Epigenetic Inhibitors

5-Aza-2‘-deoxycytidine (5-AzadCyd, decitabine) is a specific inhibitor of DNA methylation. 5-AzaCyD is a prodrug that requires activation via phosphorylation by deoxycytidine kinase. The nucleotide analog is incorporated into DNA, where it produces an irreversible inactivation of DNA methyltransferase. 5-AZA-CdR is an S-phase-specific agent. The demethylation of DNA by this analog in neoplastic cells can lead to the reactivation of silent tumor-suppressor genes, induction of differentiation or senescence, growth inhibition, and loss of clonogenicity. 5-AZA-CdR was demonstrated to be a potent antineoplastic agent against leukemia and tumors in animal models. Preliminary clinical trials of 5-AZA-CdR using different dose-schedules have shown interesting antineoplastic activity in patients with leukemia, myelodysplastic syndrome (MDS), and non-small cell lung cancer (NSCLC).
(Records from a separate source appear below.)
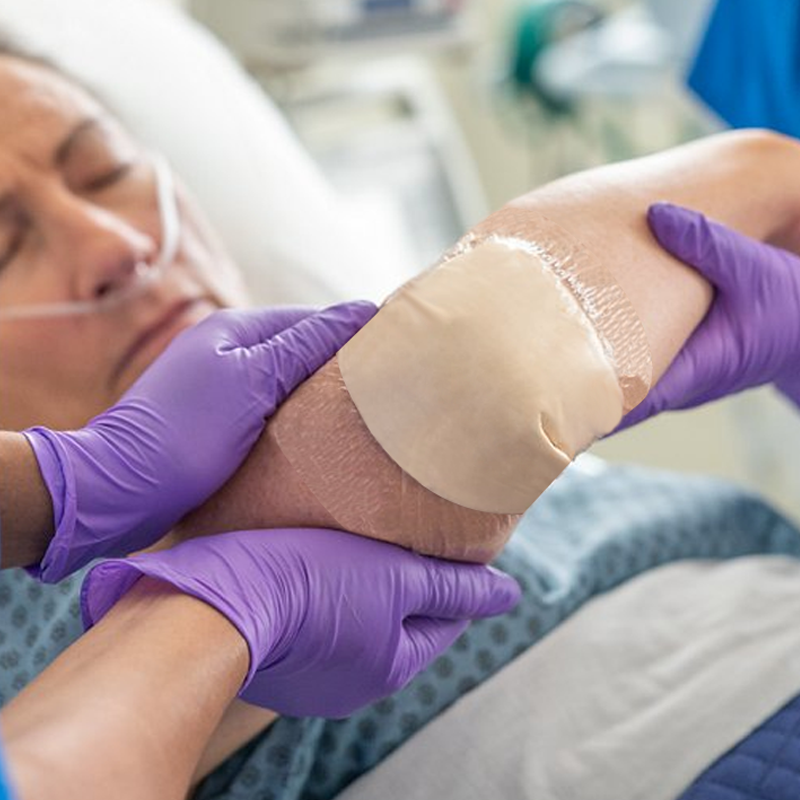 Soft silicone adhesive foam dressing ensuring painless removal and enhanced comfort for patients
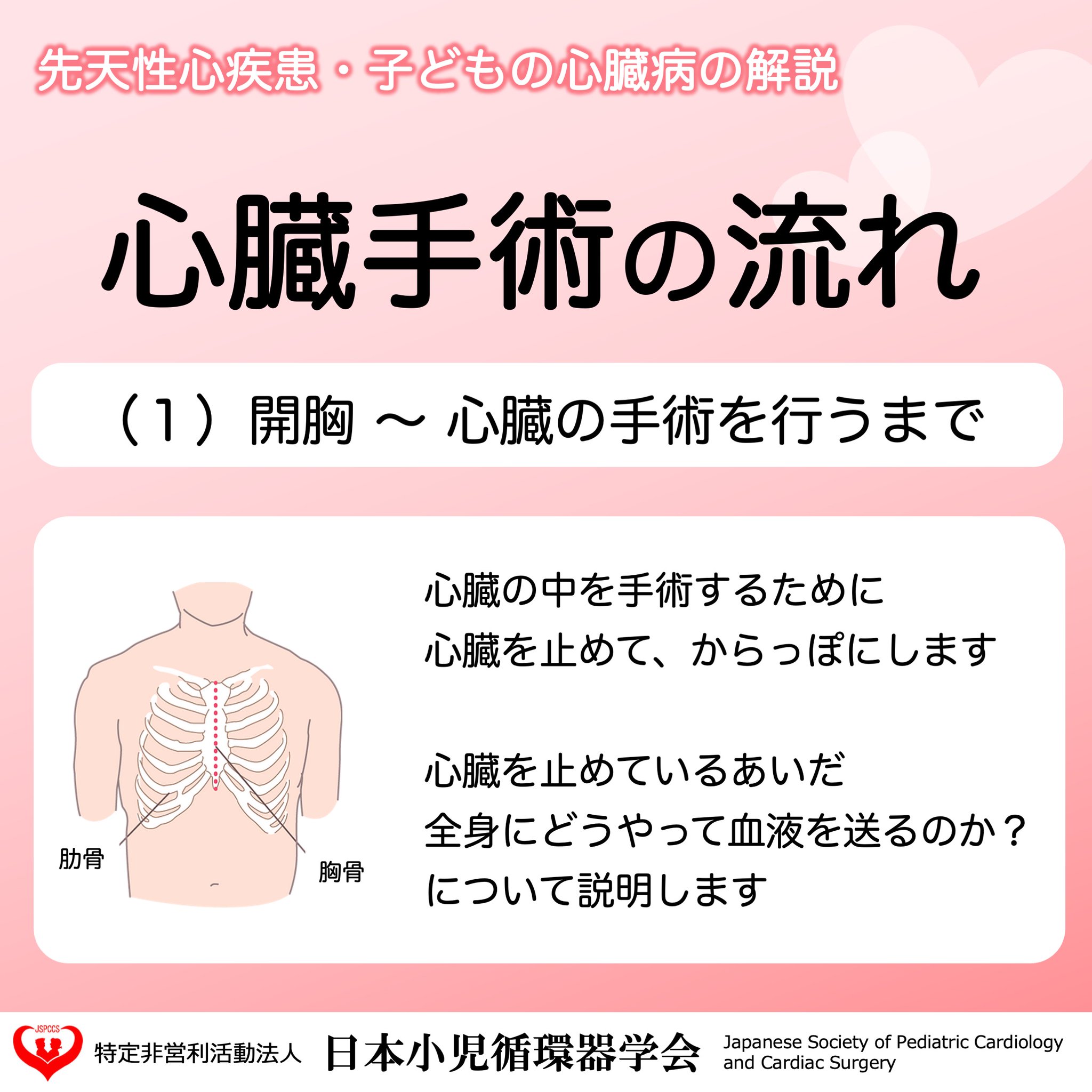 日本小児循環器学会【公式】 on X: 日本小児循環器学会【公式】 on X:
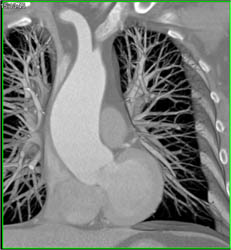 Dilated Aortic Root - CTisus CT Scan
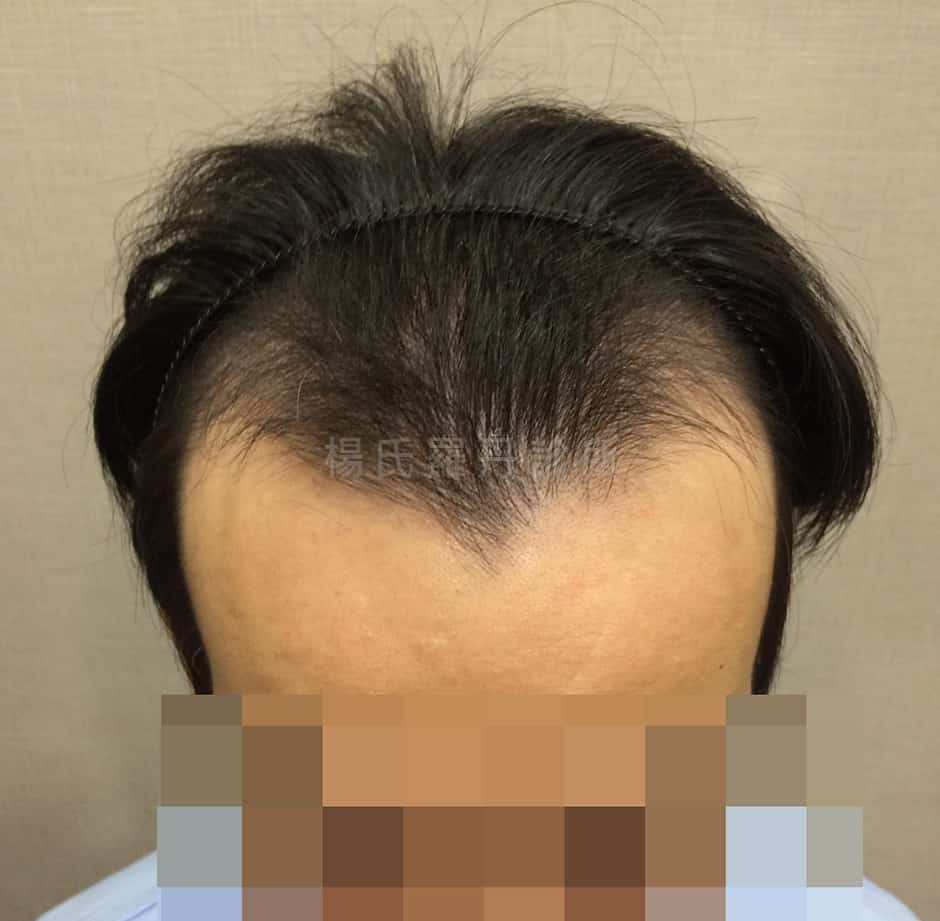 植髮 植髮效果 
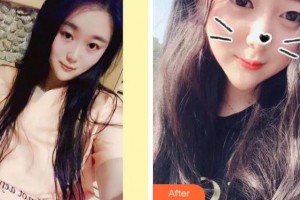 杭州西湖口腔醫(yī)院李國(guó)清整形價(jià)格表附美白劑美白牙齒案例展示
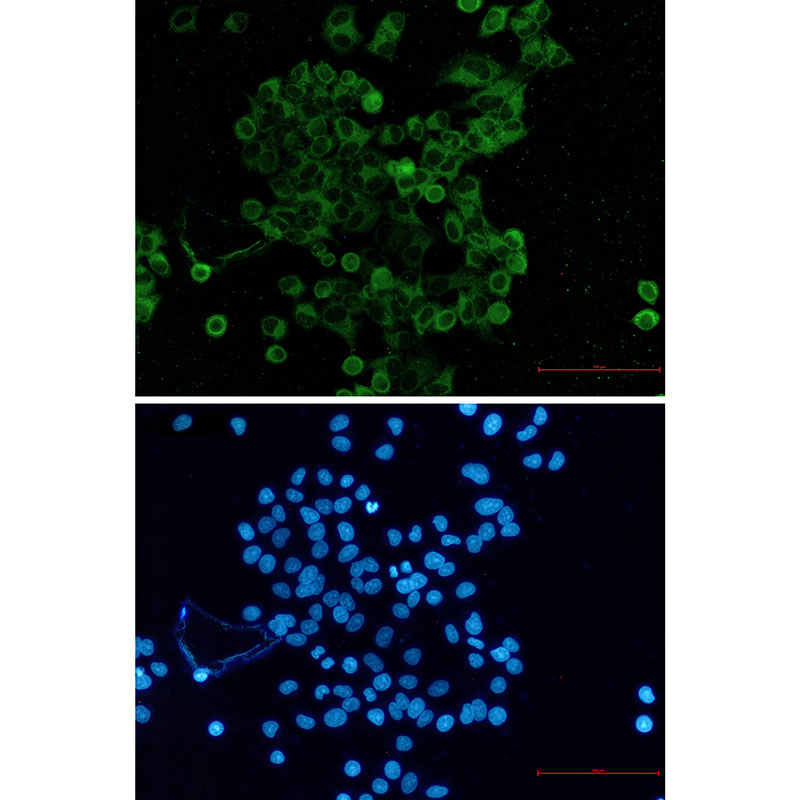 Nectin 2 Rabbit mAb
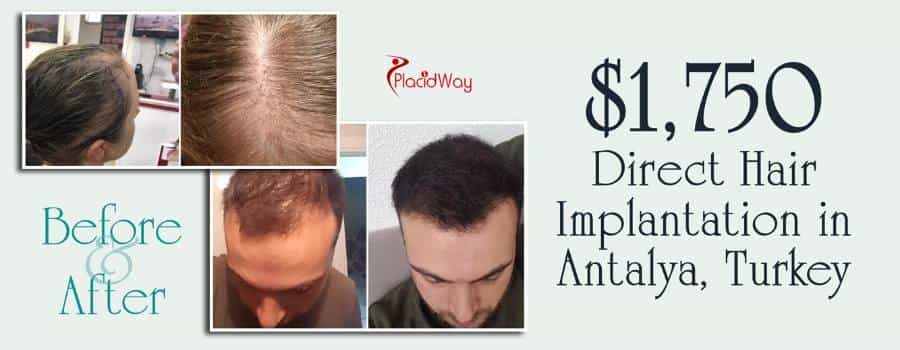 DHI Hair Transplant Cost in Antalya, Turkey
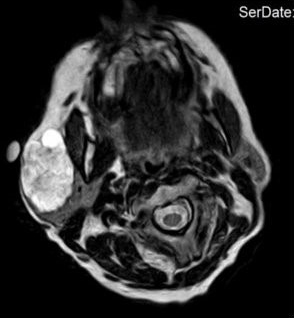 MRT des Halses der Patientin in T2-Wichtung Querschnitt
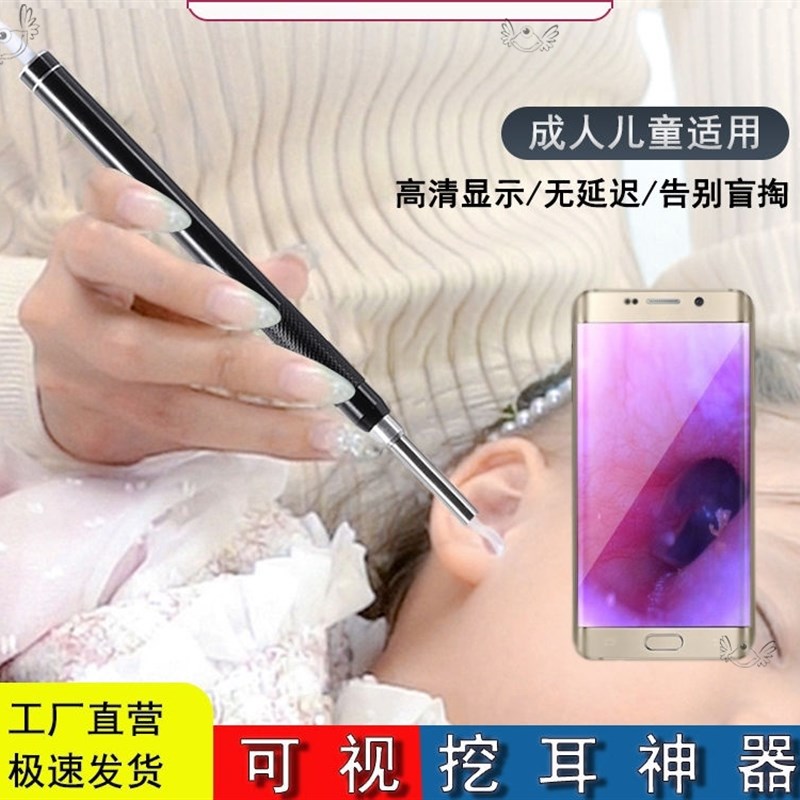 掏耳神器可视采耳仪器挖耳勺发光耳朵清洁工具高清可视内视镜套装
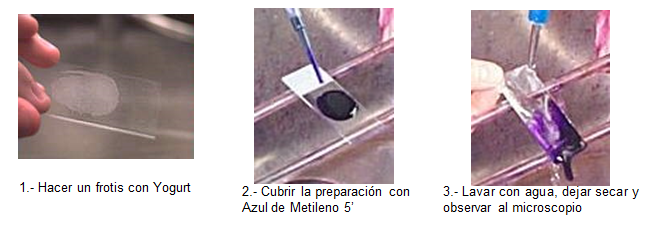 Conoce la aplicación de las coloraciones bacterianas y métodos de esterilización.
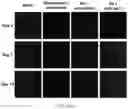 Fig. 15 - INHIBITION OF LET7I AS A MEANS TO ENHANCE THE PROTECTIVE EFFECT OF PROGESTERONE AGAINST STROKE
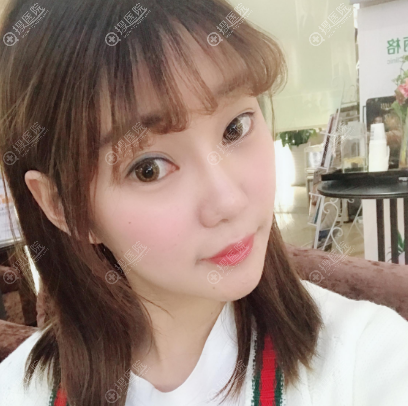 双眼皮失败修复术前照片 双眼皮失败修复术前照片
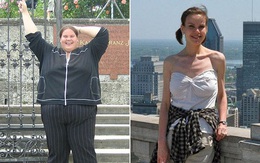 Câu chuyện kinh ngạc của cô gái giảm từ 187kg xuống còn 49kg và hậu quả đáng tiếc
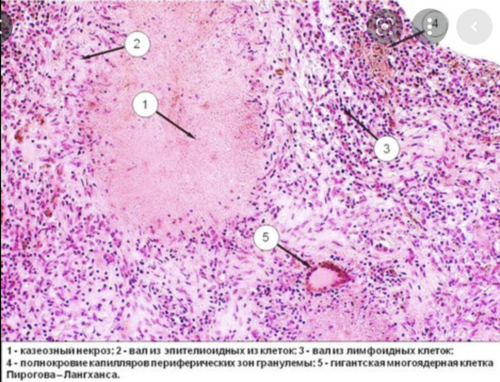 Туберкулезная гранулема микропрепарат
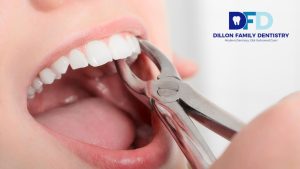 Read more about the article How Painful Is a Tooth Extraction? 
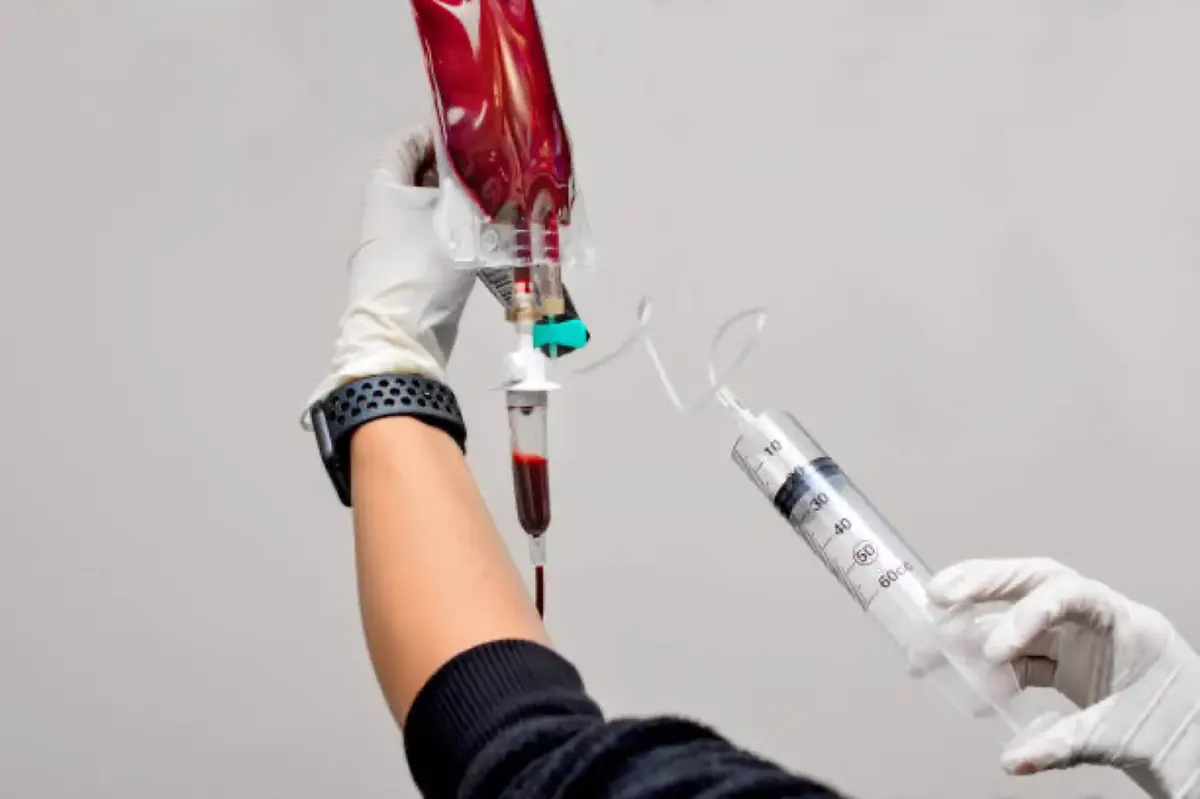 Ozonated blood — major autohemotherapy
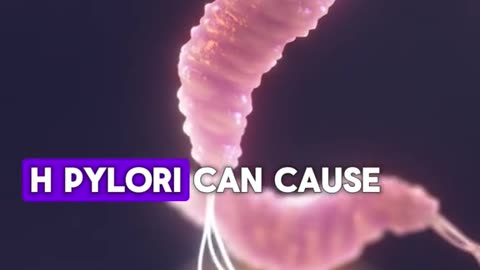 Symptoms of Helicobacter pylori , H pylori infection of the stomach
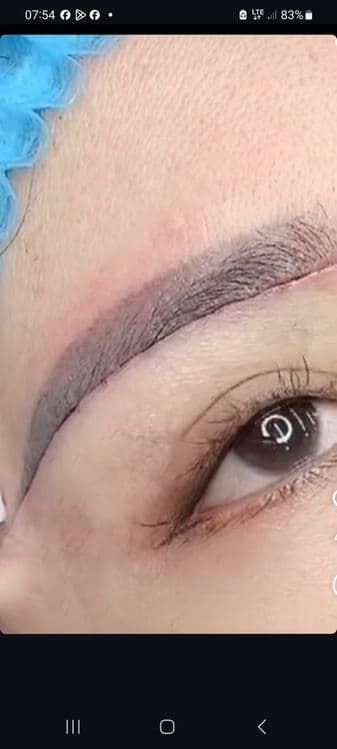 -50% CHEGIRMADA Blefaroplastika — 4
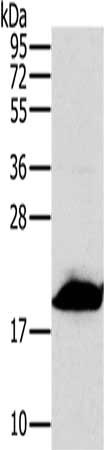 Gel: 10%SDS-PAGE, Lysate: 40 μg, Lane: 293T cells, Primary antibody: MRPL12 Antibody(MRPL12 Antibody) at dilution 1/300, Secondary antibody: Goat anti rabbit IgG at 1/8000 dilution, Exposure time: 5 secondsRabbit anti-Human MRPL12 Polyclonal Antibody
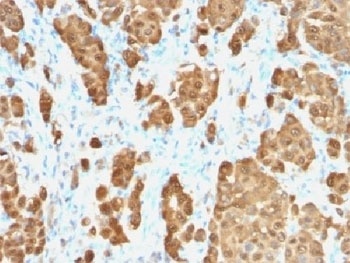 S100B Antibody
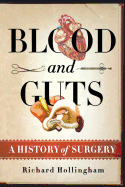 Blood and Guts: A History of Surgery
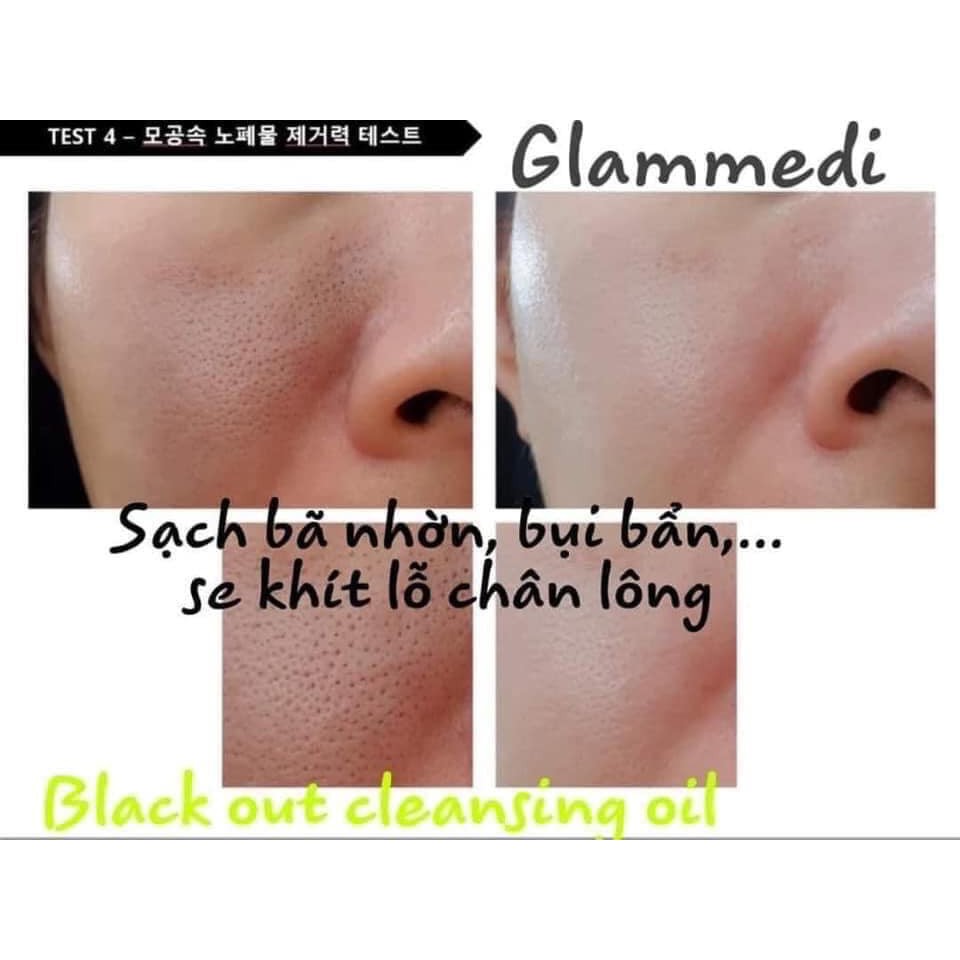 Dầu tẩy trang KÍCH Ủ MỤN ĐẦU ĐEN 3 in1 Glammedi Black Out Cleansing Oil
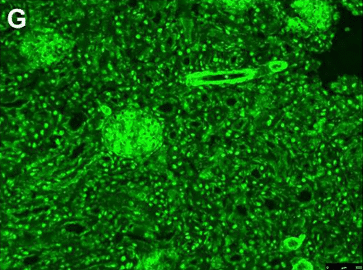 Fig.1 SMA immunofluorescence pattern on rodent kidney. (Beretta-Piccoli, Giorgina and Diego, 2022)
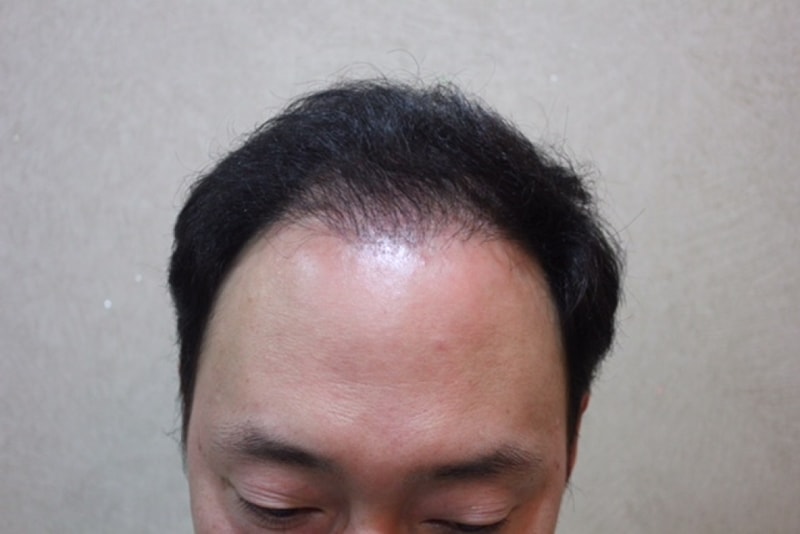 수술전-3.JPG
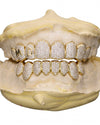 Custom Letter Moissanite Grillz - Yellow Gold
Working Concentration: 0.1-10 µM
Molecular weight: 228.21
CAS number : 2353-33-5

5-AzadCyd is supplied as an off white powder. Product is shipped at room temperature. Store at -20°C. 5-AzadCyd is stable for at least 1 year.

Trichostatin A (TSA) is a potent and specific inhibitor of histone deacetylase (HDAC). HDAC is overexpressed in a variety of cancers and is closely correlated with oncogenic factors. TSA suppresses the activity of HDAC leading to an increase in histone acetylation. This histone acetylation induces an enhancement of the expression of specific genes that elicit extensive cellular morphologic and metabolic changes, such as growth arrest, differentiation and apoptosis. TSA has been shown to induce apoptosis in many cancer cells at submicromolar concentrations with very low toxicity toward normal cells.

Working Concentration: 100 ng/ml
Molecular weight: 302,37
CAS number : 58880-19-6

Trichostatin A is supplied as a white powder. Product is shipped at room temperature. Store at -20°C. Trichostatin A is stable for at least 1 year.